As the impromptu performance started Mayor Simon Richardson called a recess for the meeting
The new plan focuses around a $23m. rock sea wall and walkway that would stretch 1.1 kilometres from Kendall St to the end of the Belongil sand spit.
Mayor Simon Richardson said he was disappointed to see the plan adopted hopes the minister would share it with the Coastal Panel, “ who are the acknowledged experts in Coastal management.”
“Ultimately it is up to the minister to ratify it or send it back to us for more work,” he said.
“When you have a report that the overwhelming majority of state agencies has said not only is flawed but contravenes what a coastal zone management plan should be, as outlined in the Coastal Protection Act, and attracts widespread community opposition, it is just staggering to think we are going to submit it.”
“For me, the process has been abysmal, the lack of acceptance of scientific and technical expertise is really problematic and the fact that the community feels they have been written out of the equation really shames us (council) as an organisation that is meant to reflect the community’s values.
One of the CZMP’s key backers, Councillor Sol Ibrahim, said he was saddened that the issue had been so divisive for the community.
Arguments that rock walls on Belongil Beach have led to a loss of beach held no sway for councillors in favour of the plan.
“If there were no rock walls there already (on Belongil), I don’t think I would be advocating for a rock wall now, I would be advocating for a buyout of properties and moving towards planned retreat,” he said.
“But I am dealing with practical realities here.
“There has been a wall there for the last 20 years and what is proposed is far better than what is there now.”
“I can’t emphasise enough that if you are going to talk about rock walls, you can’t ignore the negative impact that the wall at Jonson Street has had on Belongil (so we have to protect Belongil).”
Cr Ibrahim also said the profile of the old walls were too steep and had exacerbated sand movement and the new sea wall with walkway would be more like the shape of the newly completed section of wall at Manfred Street and would enable the sand to return over time.
During recent public exhibition, the plan attracted 689 submissions with some in the chamber including President of the Byron Residents Group Cate Coorey raising concerns that many of the submissions are from people who do not live in the Shire
“We also know that Belongil landowners contacted people who patronise their holiday lets and told them to send in a submission,” she said. “This is utterly unacceptable.
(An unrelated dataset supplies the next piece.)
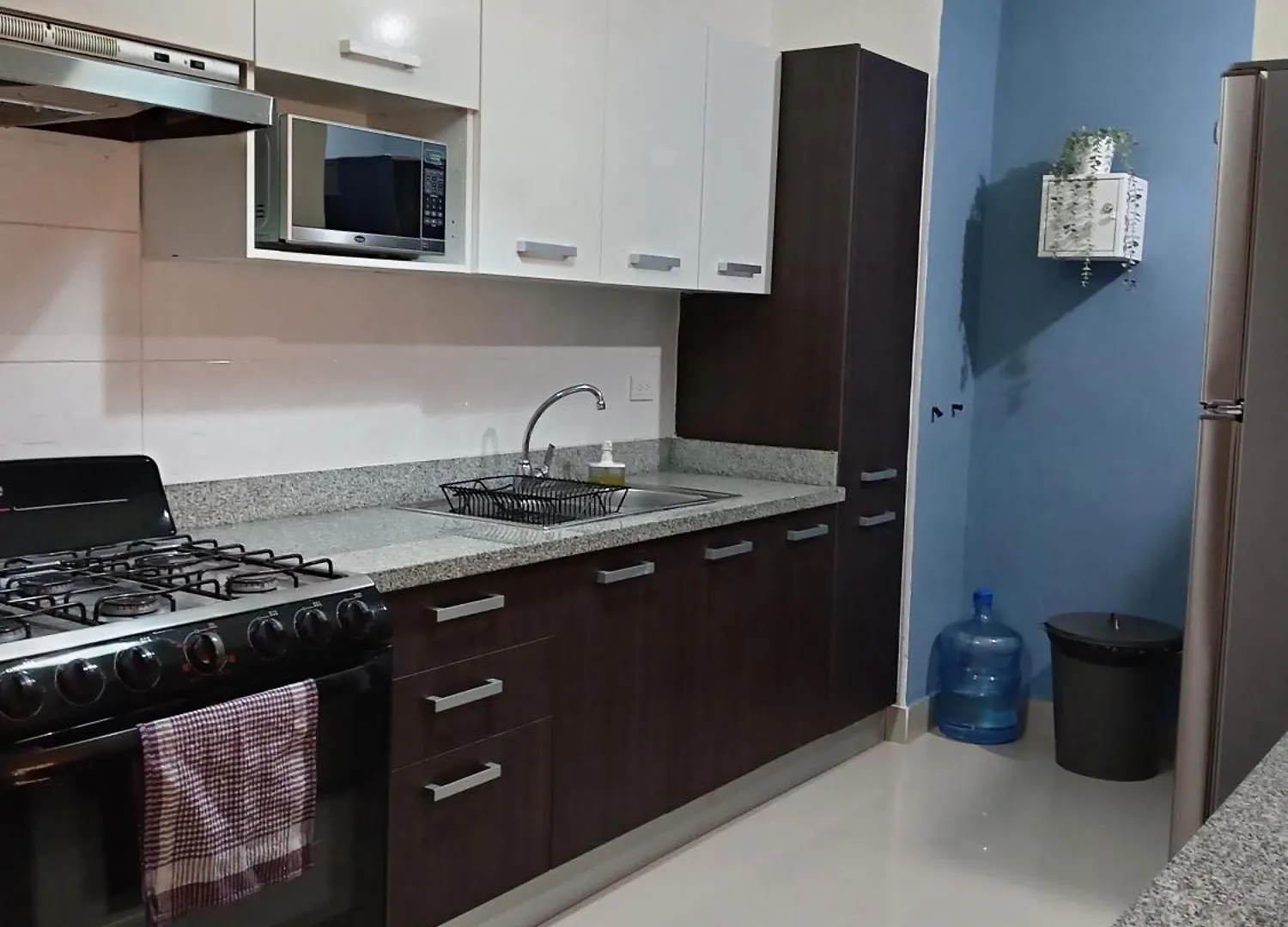 Apartamento En Bella Vista Santo Domingo Apartment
We deserve to know where the submissions are coming from.
Donald Maughan, President of the Suffolk Park Progress Association (also part of CABS) has previously said the CZMP was fatally flawed and a “non-plan” because, “there is no sand nourishment plan, no ecological study of flooding as far as I can see and no real analysis of where the money will come from”.
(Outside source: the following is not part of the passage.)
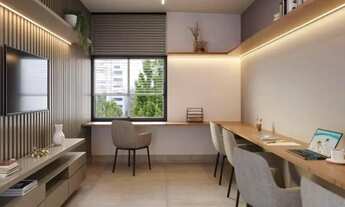 Imagem 3: 1 Apartamento de 23 m² Intermares - Cabedelo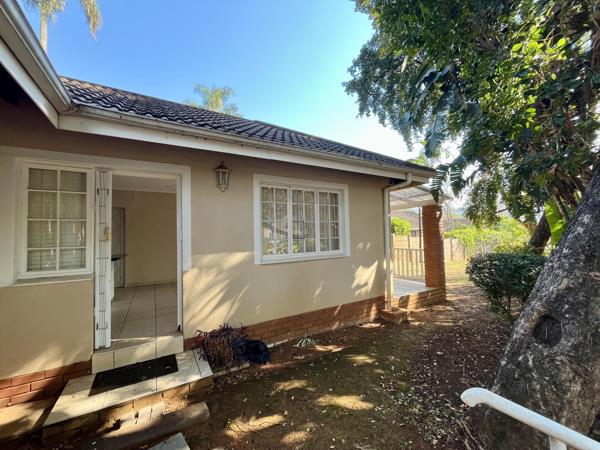 2 Bedroom Simplex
Deputy Mayor Councillor Paul Spooner reiterated his concerns the plan centred around a 1.1km rock sea wall with walkway will inevitably make it necessary to construct a number of groynes and undertake small-scale beach nourishment.
“If all three 3 stages (rock walls, groynes and beach nourishment) of the Adaptive Management option outlined in the WRL Coastal Hazard Management Study (page 98) have to be implemented due to the loss of the beach at Belongil, it will cost $36,115,520.”
He is also concerned that this could impact the overall council budget
“Council would need to cut $10 million in existing programs and services over the next 10 years to pay for this CZMP,” he said.